De 5 basisregels bij hulpverlening

1. Let op gevaar.

Als er een ongeval is gebeurd of iemand is gewond, kan de situatie nog steeds gevaarlijk zijn. Het is belangrijk om voor je eigen veiligheid te zorgen. Je kunt alleen helpen als je zelf niet in gevaar bent. Zorg ook voor de veiligheid van andere mensen rondom je en daarna voor het slachtoffer.

2. Achterhaal wat er is gebeurd.

Het is belangrijk om te weten wat er gebeurd is om het slachtoffer goed te helpen. Kun je het niet vragen, kijk dan zelf goed wat er aan de hand is. Als het slachtoffer bij bewustzijn is, kun je vragen stellen om te achterhalen wat er is gebeurd.
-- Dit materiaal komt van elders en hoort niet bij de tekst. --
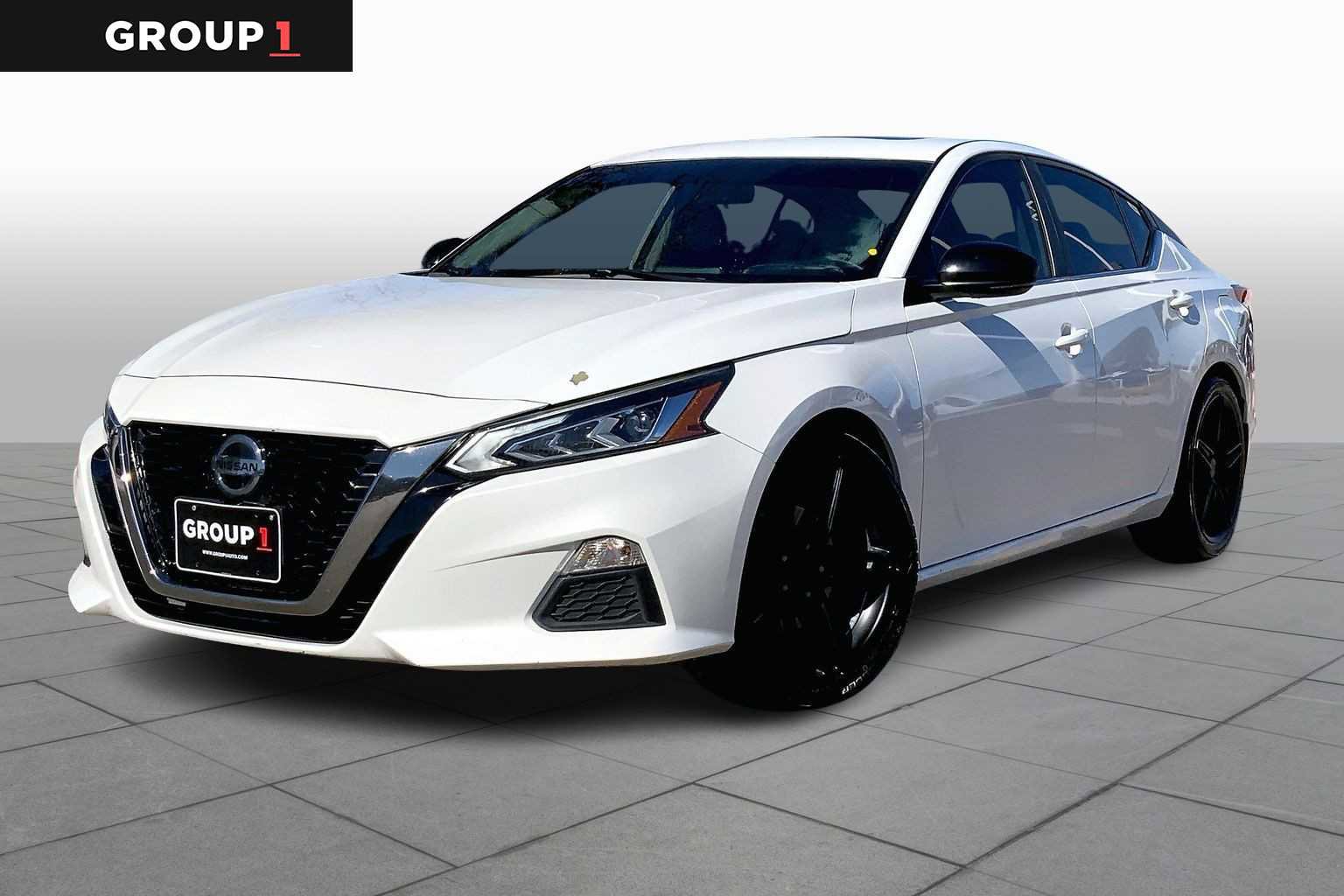 Used 2019 Nissan Altima 2.5 SR w/ SR Premium Package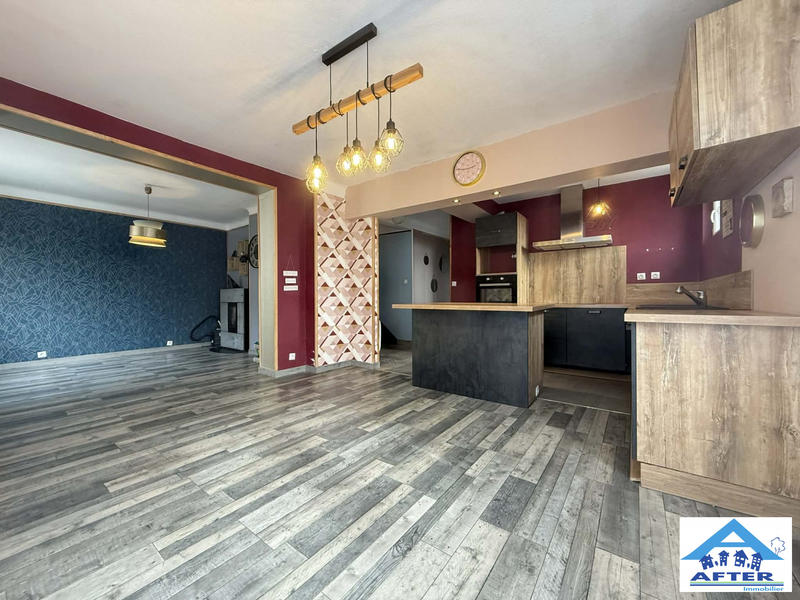 Maison - 105 m² - 6 pièces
Ook anderen die erbij waren, kunnen je helpen.

3. Geruststellen en beschutten.

Het kan zijn dat iemand in paniek is of zich zorgen maakt. Hoe ernstig het ook is, een belangrijke taak van een EHBO’er is om die persoon rustig te maken. Zorg daarna voor een goede beschutting. Laat de persoon zo warm en comfortabel mogelijk liggen, maar zorg ervoor dat je hem of haar niet verplaatst.

4. Schakel hulpdiensten in.

Als het letsel ernstig is en de hulpdiensten nodig zijn, bel dan 112. Heeft het slachtoffer directe hulp nodig, zoals reanimatie? Vraag dan anderen om te helpen.

5. Zorg voor het slachtoffer.

Als de vorige stappen zijn gedaan, kun je het slachtoffer helpen. Het slachtoffer moet op dezelfde plek geholpen worden en mag niet verplaatst worden, tenzij er echt gevaar is op die plek.